Asian Markets Tumble on Financial Turmoil
Markets bleed red all over the region Tuesday, with Japan's Nikkei losing 5 percent and South Korea's KOSPI shedding 6 percent, as upheaval on Wall Street fueled investor uncertainty about a spillover into Asia.
Government debt was in heavy demand for a second day with increased speculation about an aggressive U.S. Federal Reserve interest rate cut later, and shares outside Japan hit a 2-year low after one of the most explosive 48-hour periods in the finance world.
Lehman Brothers filed for bankruptcy, Bank of America agreed to buy Merrill Lynch , the Fed expanded its emergency liquidity provisions and American International Group , once the world's biggest insurer, was seriously constrained by short-term funding trouble.
Investors ditched oil and sought stability in the yen and high-grade debt. Crude prices fell for the sixth of the last seven days, to $92 a barrel, the lowest since February.
The U.S. dollar slipped to 104.31 yen after ending overnight in New York around 104.54 yen. It had its biggest single-day decline against the yen on Monday in nine years.
Japan's Nikkei 225 Average finished down 5 percent to a three-year low as investors dumped shares following turmoil in Wall Street. Japan's top three lenders plunged, with No. 2 Mizuho Financial Group and No. 3 Sumitomo Mitsui Financial Group down more than 10 percent. Exporters such as Canon and Toyota Motor also tumbled after the yen gained sharply against the dollar.

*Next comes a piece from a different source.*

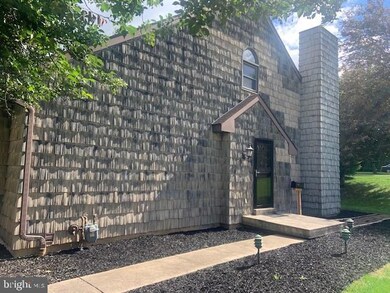 1270 E Derry Rd, Hershey, PA 17033 - photo 2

South Korea's KOSPI plunged 6 percent, its lowest close in 18 months. The index sank as much as 7 percent at one point of trade. The Korea Exchange temporarily suspended program selling orders on both the KOSPI and junior Kosdaq market due to volatile futures prices. Financials including Kookmin Bank and Woori Finance Holdings plunged on deepening fears about the global financial system. Blue chip shares likewise tumbled as investors moved to cut losses. Hynix Semiconductor lost 11 percent. POSCO, the second biggest share by market cap, fell 5.8 percent.
The Australian market fared the best in Asia, finish just 1.4 percent lower, though ending at a two and half year low, but recovered from their lows as some investors bet that global central banks could join hands to stabilize fragile financial markets. Resource counters such as BHP Billiton and Newcrest Mining managed to eke out gains in the midst of the regional bloodshed. But Macquarie Group and Babcock & Brown were not spared, the latter crashing 33 percent.
Hong Kong stocks sank 5.4 percent, tracking regional markets lower. Blue chips including PCCW, China Mobile and HSBC Holdings all tumbled sharply.
Singapore bank and property stocks fell with the Straits Times index down 1.1 percent. CapitaLand, Southeast Asia's largest property developer, was down 1.7 percent, while DBS Group also gave up 0.7 percent.
China's Shanghai Composite Index fell 4.5 percent, below the 2,000-point level, which was seen as major support. Many analysts think the surprise monetary easing announced by China's central bank on Monday was designed to prevent the index breaking that level, but that didn't work with bank shares taking the worst hit.